# Dataset entries
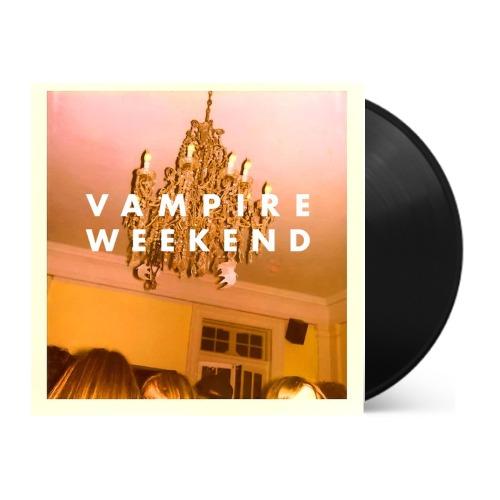 Vampire Weekend - Vampire Weekend - Image 2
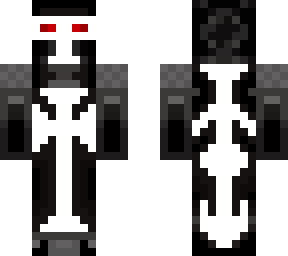black knight reimagined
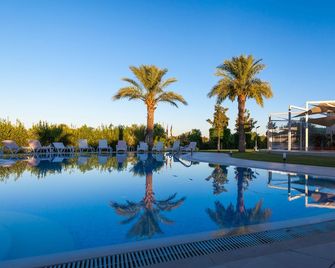 Modica Palace Hotel - Modica - Pool
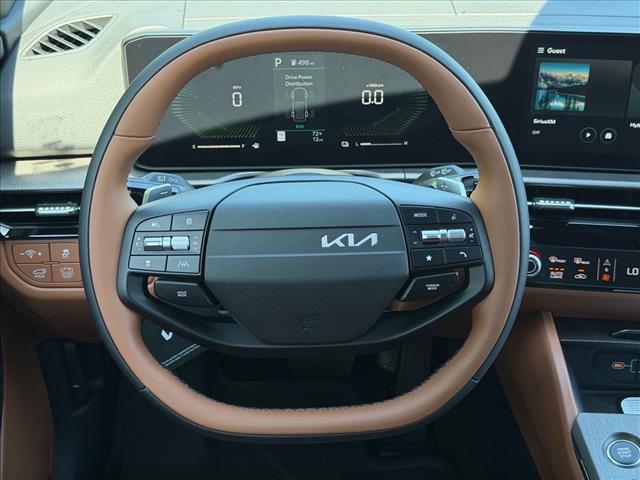 KiaSportage Hybrid20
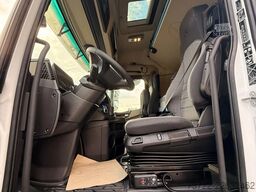 Mercedes-Benz Actros 2548 L 6x2 ProCabin Baustoff-Pritsche FA...
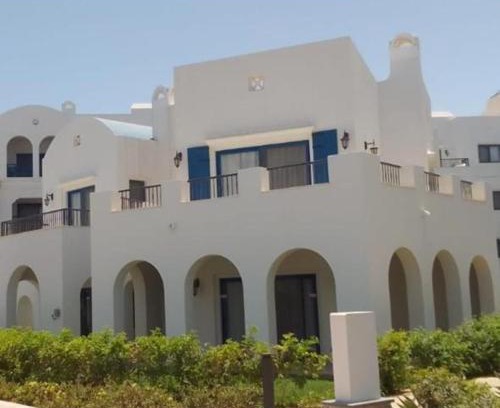 Sidi Abd El-Rahman Appartement | Greek Marassi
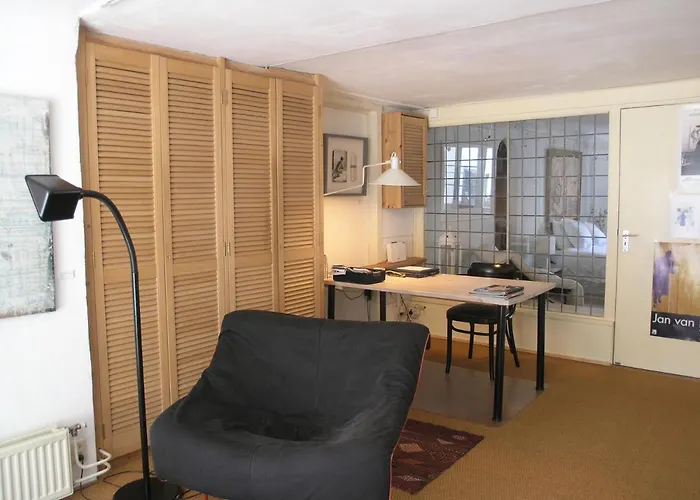 B&B Singel 100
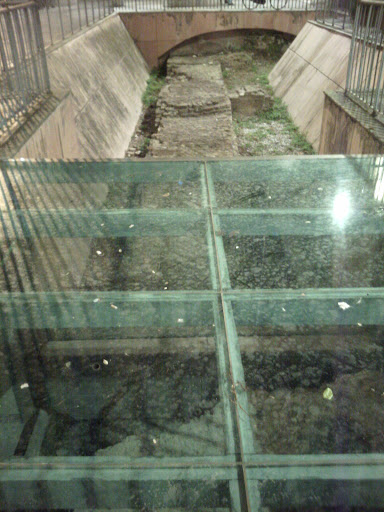 Area archeologica - Thumbnail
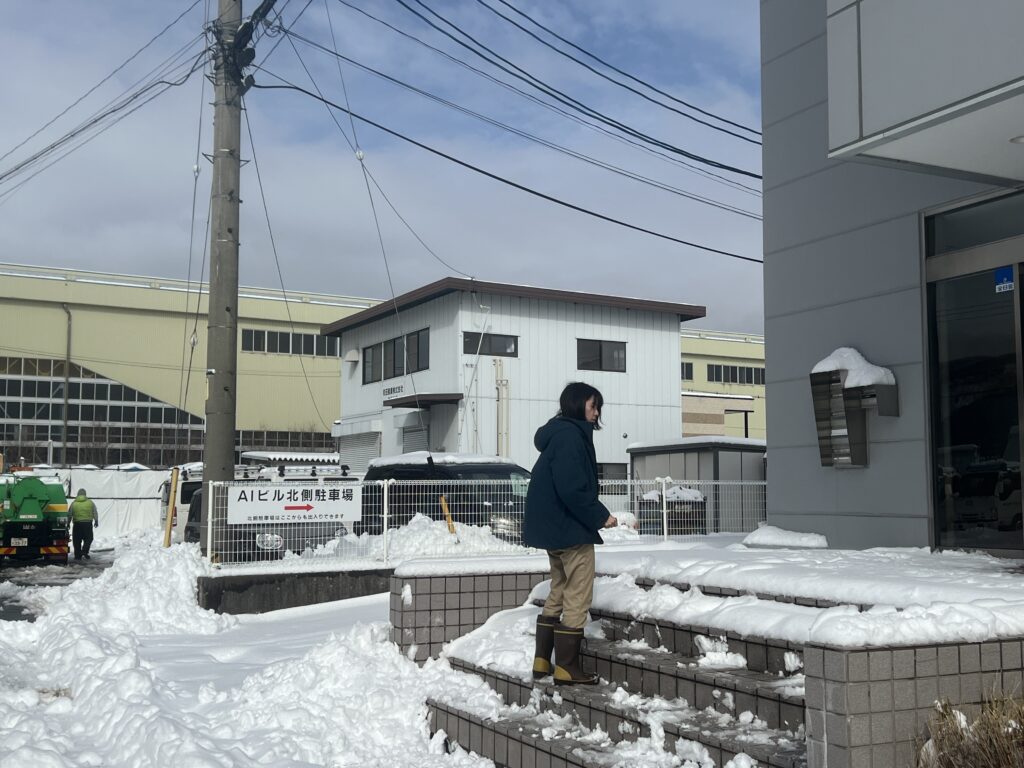 茅野市大雪｜茅野市で注文住宅ならエルハウス width=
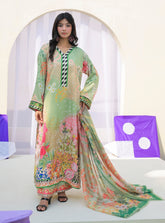 Anayra Amal Stitched-Still Motion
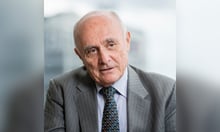 Suncorp debt collector accused of bullying by former ACCC chair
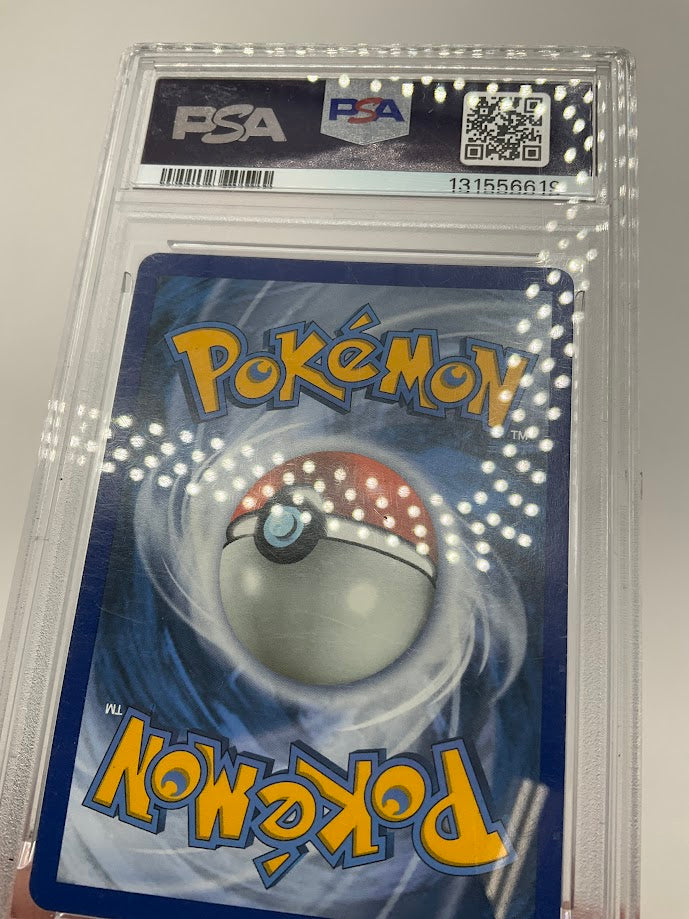 Gengar ex Pokemon Phantom Forces #34 PSA 9 #2、Collector Store LLC Gaming、kayou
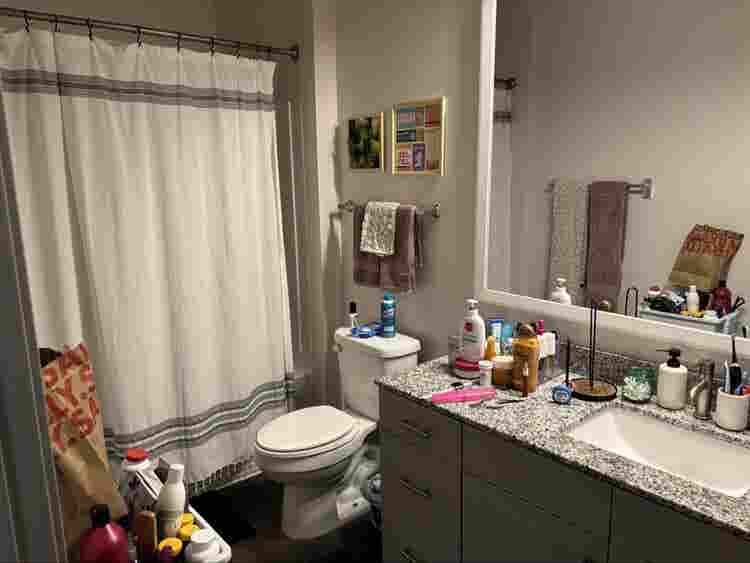 Need Roommate(s) for Luxury Apt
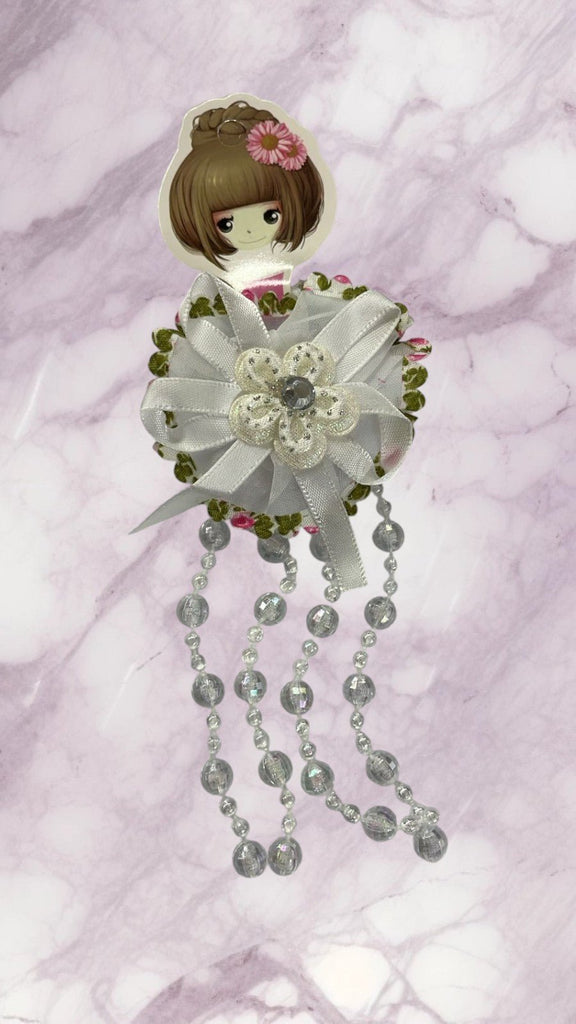 Girls Hanging Beads Hair Band - StylePhase SA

# Directions
Word for word, quote the lines above. Omit the pictures.

# Final answer
 Vampire Weekend - Vampire Weekend - Image 2
black knight reimagined
 Modica Palace Hotel - Modica - Pool
 KiaSportage Hybrid20
 Mercedes-Benz Actros 2548 L 6x2 ProCabin Baustoff-Pritsche FA...
 Sidi Abd El-Rahman Appartement | Greek Marassi
 B&B Singel 100
 Area archeologica - Thumbnail
 茅野市大雪｜茅野市で注文住宅ならエルハウス width=
 Anayra Amal Stitched-Still Motion
 Suncorp debt collector accused of bullying by former ACCC chair
 Gengar ex Pokemon Phantom Forces #34 PSA 9 #2、Collector Store LLC Gaming、kayou
 Need Roommate(s) for Luxury Apt
 Girls Hanging Beads Hair Band - StylePhase SA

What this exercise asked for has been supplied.